TASK GOAL -
Lines to return, exactly: from the line with "Desk Organizer &" to the line with "Sky Blue Embroidered" in the entries below, both included.

____ EXTRACTED INFORMATION

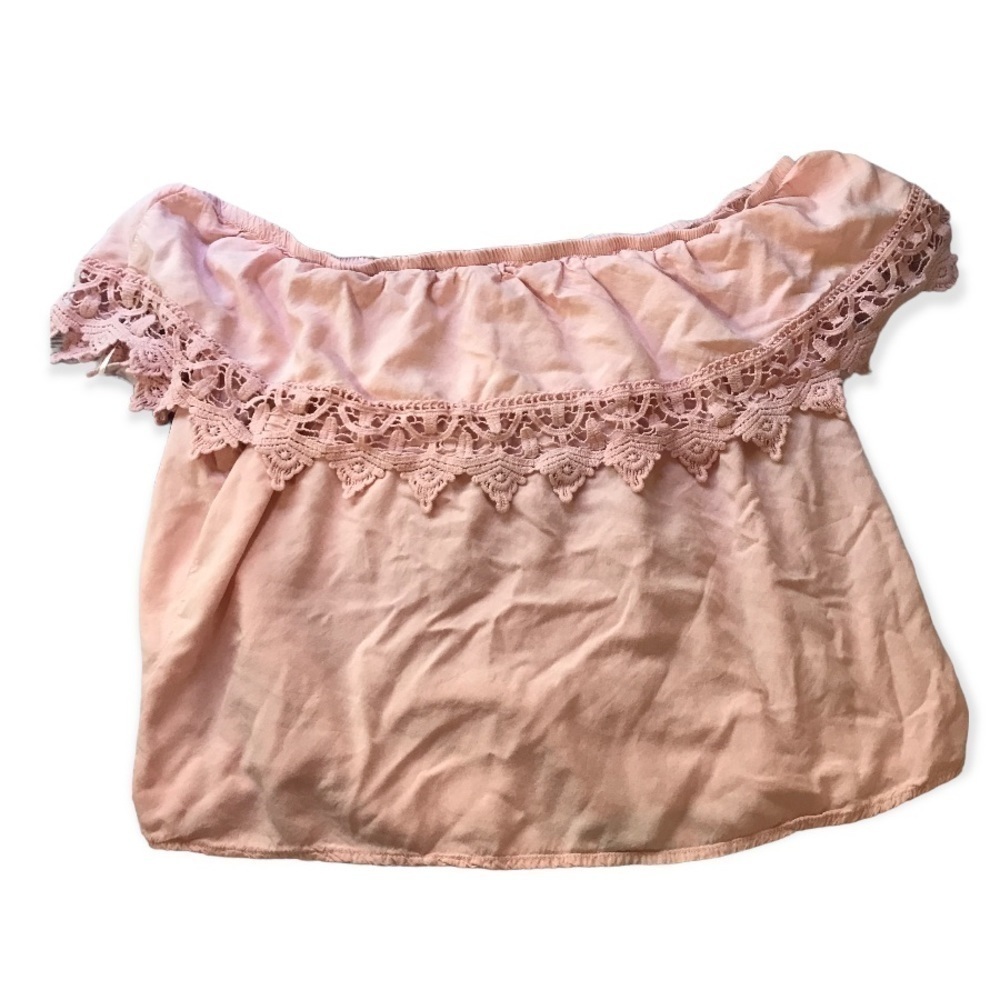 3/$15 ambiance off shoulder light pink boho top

________
____ EXTRACTED INFORMATION

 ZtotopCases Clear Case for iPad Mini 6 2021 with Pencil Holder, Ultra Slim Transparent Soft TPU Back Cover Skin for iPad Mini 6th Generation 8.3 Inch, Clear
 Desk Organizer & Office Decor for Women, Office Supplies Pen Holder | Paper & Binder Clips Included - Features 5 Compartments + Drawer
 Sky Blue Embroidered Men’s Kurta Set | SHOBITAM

________

YOUR RESPONSE -
 Desk Organizer & Office Decor for Women, Office Supplies Pen Holder | Paper & Binder Clips Included - Features 5 Compartments + Drawer
 Sky Blue Embroidered Men’s Kurta Set | SHOBITAM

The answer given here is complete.